Нас собралось около одного такого постоялого двора целых девять подвод под водительством проводника, знавшего, где в данную минуту стоят большевицкие сторожевые посты и как их объехать. Для крестьян этот промысел необыкновенно выгодный. За один переезд в 40 верст они зарабатывают по 1000 рублей на подводу. В нашу подводу возчик набрал четверых пассажиров, взявши по 250 рублей с каждого.

Большевиков мы действительно не встретили и обыскам не подвергались. Это объясняется, как мне кажется, не только познаниями нашего главного проводника, но и общим сочувствием населения. Думаю, впрочем, что сочувствие относилось не столько к беженцам, сколько к выгодному промыслу своих односельчан-возчиков. Всякий встречный крестьянин давал им указания, - в какой деревне есть и в какой нет солдат-большевиков. Расценка этих показаний, впрочем, была неодинакова. Когда к нашему обозу пристал крестьянин, усердно убеждавший нас съехать с поля и углубиться в лес, чтобы скрыться от большевицких взоров, наши возчики его отогнали: по их словам он хотел "навести нас на комара", т. е. просто на просто на шайку разбойников, которые промышляли беженцами несколько иначе. По словам моего возчика в данную минуту препятствием к промыслу служили неоконченные полевые работы: "когда работы окончатся, говорил он, мы по дорогам свою стражу поставим, которая будет нас извещать о каждом движении большевиков".

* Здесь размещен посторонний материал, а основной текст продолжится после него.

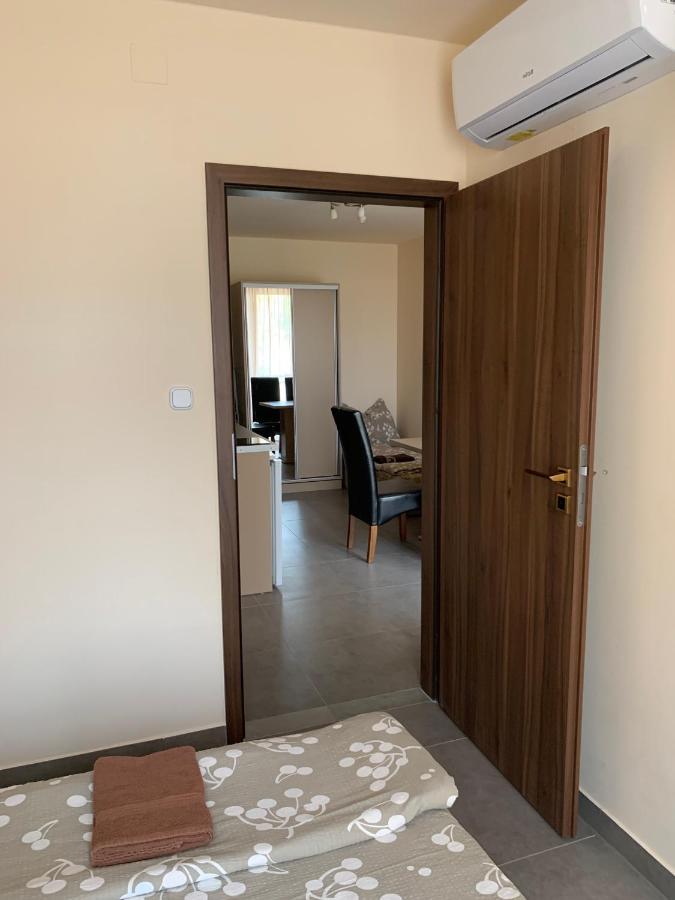 Balaton Apartmanhaz Сиофок Екстериор снимка
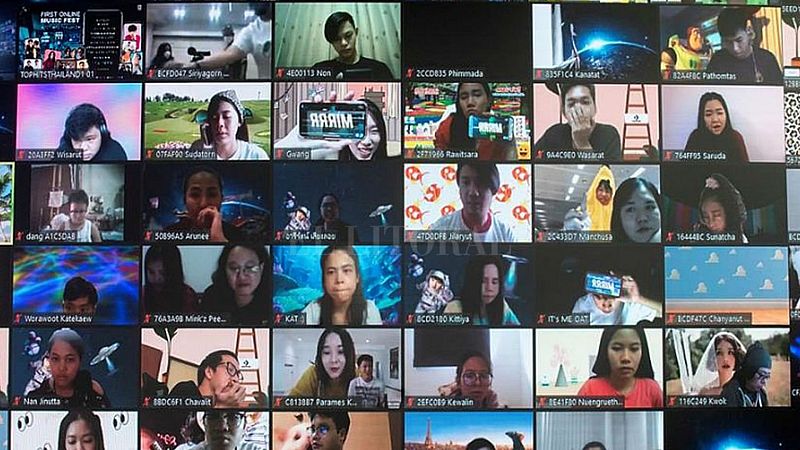 Boletines RNE - Internet ganó un millón de usuarios en tres meses - Escuchar ahora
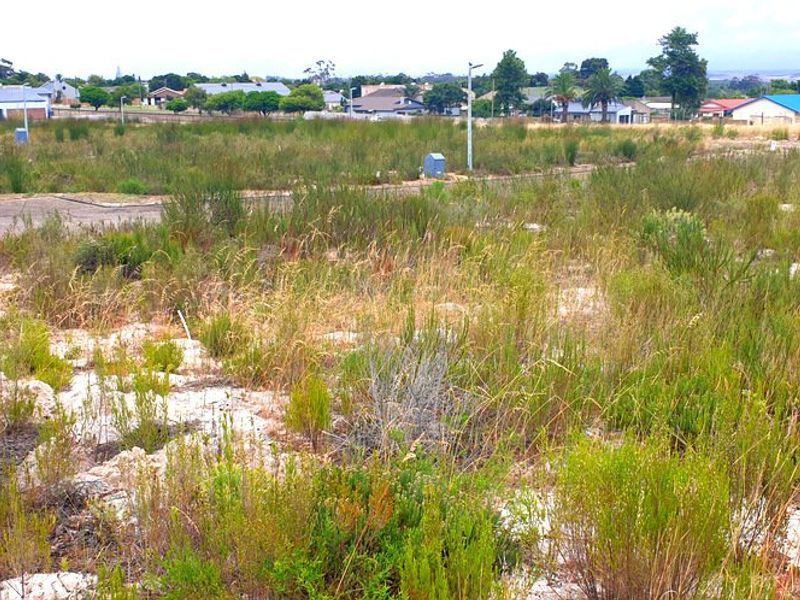 Secure, well placed vacant stand in Aloe Park. - Photo 2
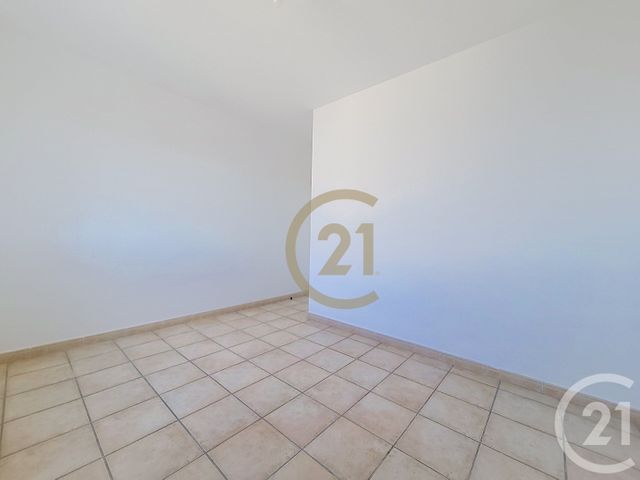 Appartement F3 à louer - 3 pièces - 61.55 m2 - DRAGUIGNAN - 83 - PROVENCE-ALPES-COTE-D-AZUR - Century 21 Haussmann Immobilier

Когда встречный мужик возвестил, что "большевиков всех проехали, теперь герман пошел" - все лица вдруг просияли, так как путешествие было далеко не безопасно. Нам казалось, что большевикам трудно не заметить нашего большого поезда из девяти подвод, скрипевшего шагом и нагруженного богатою кладью, так как с нами ехало именитое купеческое семейство из Москвы. {140} К тому же один из попутчиков, - еврей, дрожавший от страха, утешал нас рассказами о том, как большевики в Унече его сорокалетнего, заарестовали и заставили рыть окопы, да о том, как к нему вторгались в дом грабители в масках, которые истязали его и его жену.